Decided on September 15,1972

STATE Respondents


- (1.) WHEN the judgment in Criminal Appeal No. 1303 of 1970 was pronounced by me on 13th September, 1972 : " (Reported in 1973 Cri LJ 1848), Mr. Andhyarujina, the learned Counsel appearing for the respondent-complainant made an oral application immediately thereafter for certificate granting leave to appeal to the Supreme Court against the said judgment under Article 134 (1) (c) of the Constitution certifying that the case was a fit one for appeal to the Supreme Court. Mr. P. S. Nadkarni, learned advocate appearing for the appellant raised a preliminary, objection on that day against such entertainment of such application as, according to him, such applications can be entertained only by the Division Bench and as such I had no jurisdiction to entertain the same. Though the practice followed so far supported Mr. Nadkarni's contention, the point raised was found to be not free from doubt. The hearing of his oral application was, therefore, adjourned by me till today to enable the learned advocates to look into the matter and assist me in disposing of the said objection.

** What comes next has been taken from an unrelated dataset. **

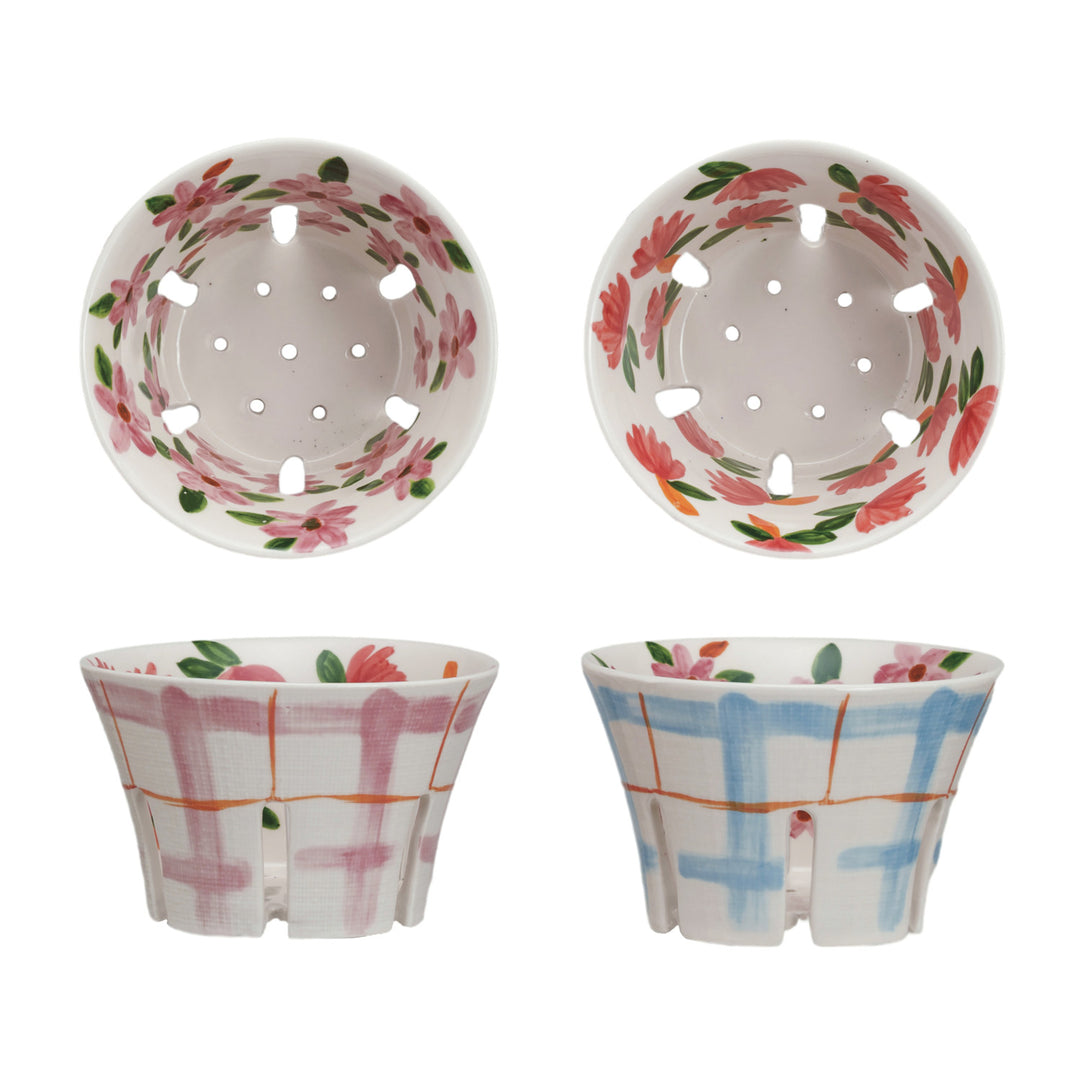 Garden Party Hand-Painted Berry Bowl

The point has been now argued today threadbare.
(2.) NOW, right of appeal to the Supreme Court from any judgment, final order or sentence in criminal proceedings of a High Court is conferred on a litigant by Article 134 of the Constitution. This right of appeal, however, is not available as a matter of course. It can be availed of by any litigant only if any one of the conditions enumerated in Clauses (a) to (c) of Article 134 (1) is satisfied. The case of the respondent is admittedly not covered by Clause (a) or (b ). He. therefore, prayed for certificate under Clause (c) of the said sub-article There is however, no specific provision in the Constitution, requiring such leave petitions to be heard by the same Judge or Judges, though as a matter of practice, ordinarily such leave petitions are placed before the same Bench or a Bench of Judges one of whom was party to the impugned Judgment. This Article, however, refers to the judgment or order of the High Court and does not make any distinction between judgments delivered by a Division Bench or a Single Bench.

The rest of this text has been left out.